Saturday 3 December 2016

National Museum, Dar es Salaam

For ivory.
I visited this museum for TZS 6500. There is a nice origin of man exhibition, and a modern historical section dealing from about 1500. I quite liked this, but it would be better with a clearer exposition of the tribes, their circles of influence and what the Germans were doing there and how the colonisation and deconolisation took place. Indeed I am now seriously considering reading the historical section of my guidebook. The natural history exhibits were all closed except for a stuffed lion. I was tempted to ask for a partial refund, but did not do so as the man giving back my bag said he had never seen a German camera before. There's also a small, expensive cafe. Melachi reflects that this is the only sight worth seeing in Dar, and it is half shut.

Tuesday 22 November 2016

From East End to Land's End - Susan Soyinka (2010)
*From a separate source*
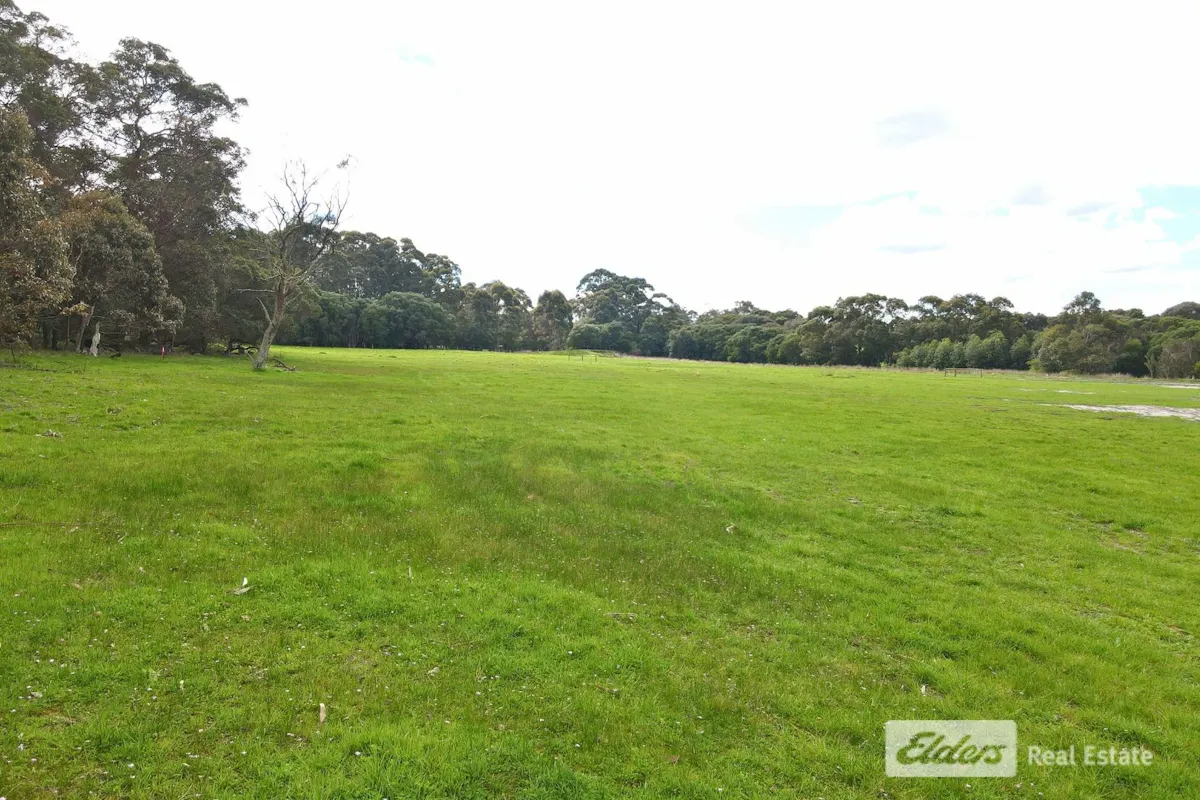 Ajana Drive — photo 2 of 9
This is an extraordinarily well-presented tale drawn from a mixture of oral, documentary and photographic sources about the evacuation of the Jews' Free School in London to Mousehole in Cornwall during the Second World War. The picture of both the East End and the fishing villages is vivid, tender and uplifting; and almost entirely without sensation -- except that it seems to have been  true. Possibly the best 'history book' I have read (and I have read a lot of them).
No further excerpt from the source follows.